### WORK TO COMPLETE
The whole listing is to be written out again exactly; the pictures are not.

### ENTRIES SHOWN
"""

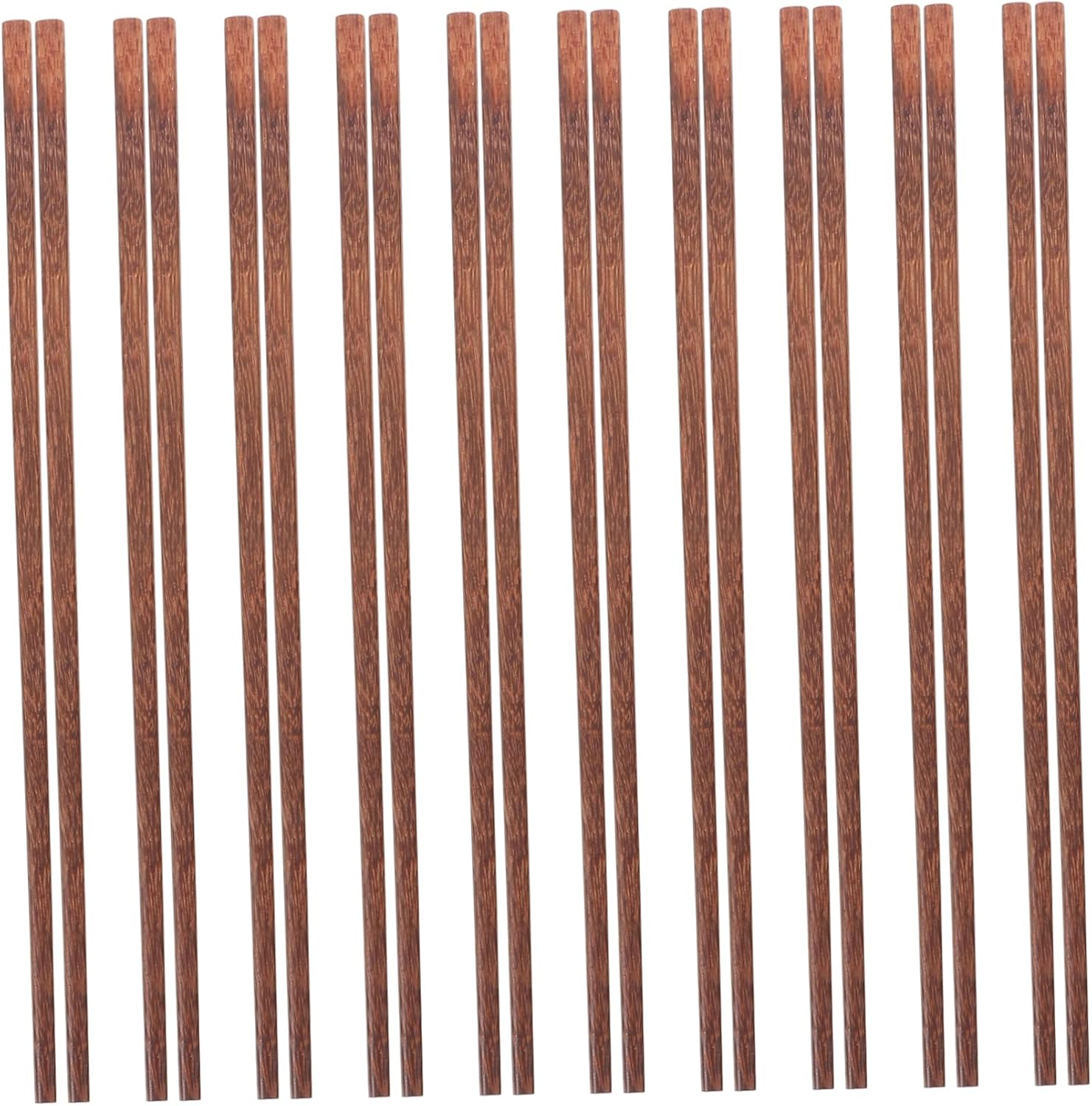 Warmhm 10pairs Traditional Aesthetic Wooden Chopsticks Reusable Dishwasher Safe for Cooking Dining
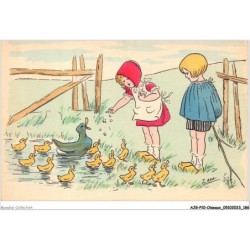 AJGP10-0936 - OISEAUX - NOS BEBES A LA FERME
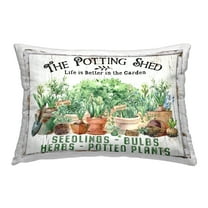 Stupell Industries Farmhouse Potting Shed Decorative Printed Throw Pillow Design by Creatif Belle.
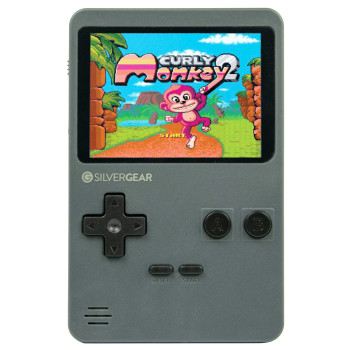 Mini Retro Arcade Game Console - Grey - 2.8 Inch Display - 240 games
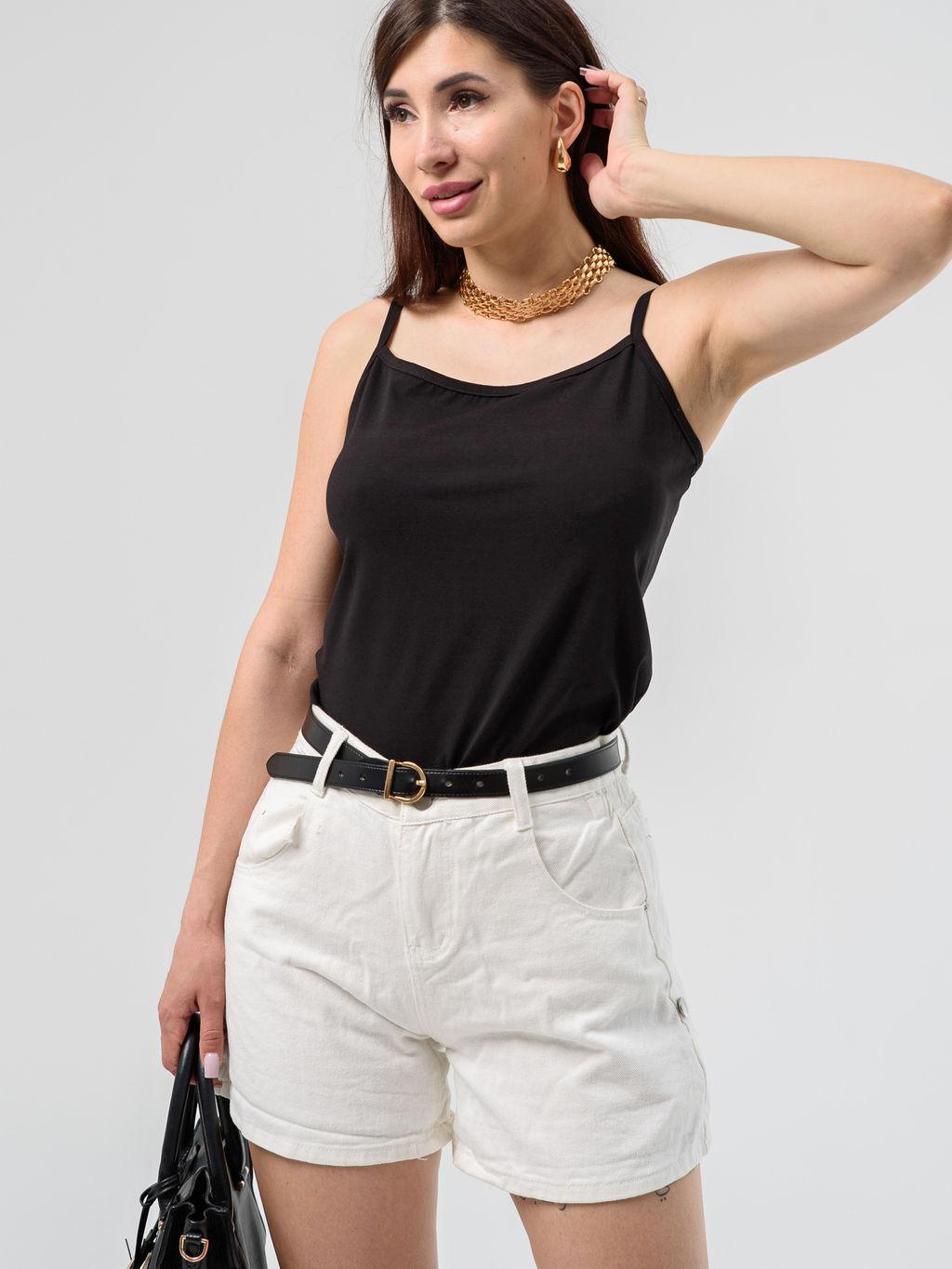 94% ХЛОПОК + 6% ЛАЙКРА Майка женская - Оптима фото 4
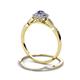 5 - Iliana Prima Tanzanite and Diamond Halo Bridal Set Ring 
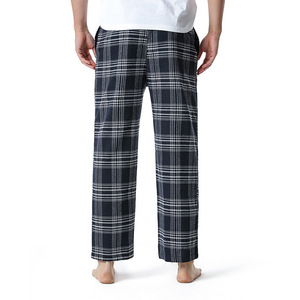 Wholesale Custom Logo Mens Buffalo <b>Plaid</b> Pajama <b>Pants</b> With Pockets Men's Flannel Pajama <b>Pant</b> Manufacturers Oem Odm Clothing - Product Image 2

"""

### TASK RESULT
 Warmhm 10pairs Traditional Aesthetic Wooden Chopsticks Reusable Dishwasher Safe for Cooking Dining
 AJGP10-0936 - OISEAUX - NOS BEBES A LA FERME
 Stupell Industries Farmhouse Potting Shed Decorative Printed Throw Pillow Design by Creatif Belle.
 Mini Retro Arcade Game Console - Grey - 2.8 Inch Display - 240 games
 94% ХЛОПОК + 6% ЛАЙКРА Майка женская - Оптима фото 4
 5 - Iliana Prima Tanzanite and Diamond Halo Bridal Set Ring 
 Wholesale Custom Logo Mens Buffalo <b>Plaid</b> Pajama <b>Pants</b> With Pockets Men's Flannel Pajama <b>Pant</b> Manufacturers Oem Odm Clothing - Product Image 2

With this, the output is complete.